La mujer más hermosa de mundo no tenía ni la estatura, ni las medidas para presentarse a un concurso internacional, sin embargo ni el jurado más idóneo en la materia, podría dejar de otorgarle la corona, luego de adentrarse en la profundidad infinita de su mirada, enmarcada en un rostro pequeño surcado por caminos que solo supieron de dar sin medida.
De origen albanés, Agnes Gonxha Bojaxhiu, fue un capullo de flor para quienes tuvieron la alegría de compartir con ella, o estar bajo sus cuidados. De joven se enamoró intensamente de un ideal, de un hombre, al que abrazó hasta que consumió su vida en una relación de amor profundo y recíproco, como hay pocos.
A los 18 años se consagró cambiando su simbólico nombre de capullo “Gonxha”, por el de Teresa, debido a la admiración que profesaba por la niña de Lisieux, Patrona de los Misioneros. Si bien comenzó su labor como maestra en un convento de Loreto, las injusticias sociales, que no conocen de fronteras, la llevarían a descubrir otras necesidades que debían ser cubiertas y para las cuales no había voluntarios.

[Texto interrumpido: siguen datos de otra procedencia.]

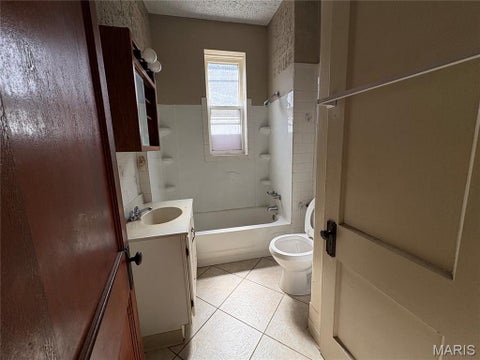 Tiny photo for 4302 Nebraska Avenue, St Louis, MO 63111 (MLS # 26050086)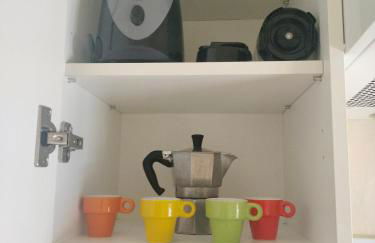 Anaga y La laguna a tus pies - Foto 25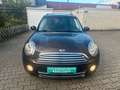 MINI Cooper D Clubman Cooper D, *NAVI, PANORAMA, PDC* Braun - thumbnail 2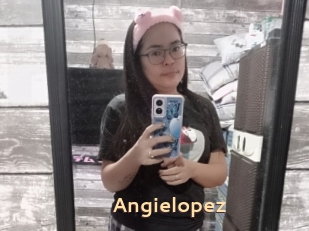 Angielopez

¿Quién se haría cargo de un marginado, un pobre, un leproso, un moribundo? Sólo el hedor que emana del cuerpo de un vagabundo, nos hace volver la mirada o cruzar la calle… Pero en ella había una diferencia, ella podía mirar de frente, abrazar, sentir y hacerse uno con quien lo necesitara. Donde todos veían un sin sentido, ella veía a Cristo, y ese milagro de amor infinito tenía por sí solo, el poder de transformarlo todo para ella.
¿Cómo podemos quedar indiferentes cuando un hombre, un ser humano, un reflejo de Dios está botado en medio en la calle?
Leí hace algunos veranos su increíble biografía, bajo el título de “Ven y sé mi Luz”. Fueron días en que todo me parecía tan vano, tan superfluo, comparado con una realidad concreta donde “Ser” tenía un sentido absolutamente profundo: morir a uno mismo, al yo, que nos hace tan poco humanos, para que viva en nosotros “Otro”, que es más y que nos transforma desde lo profundo, para poder Servir y así tener Vida, y de este modo, verdadera libertad… Pero, hay que dejarse transformar.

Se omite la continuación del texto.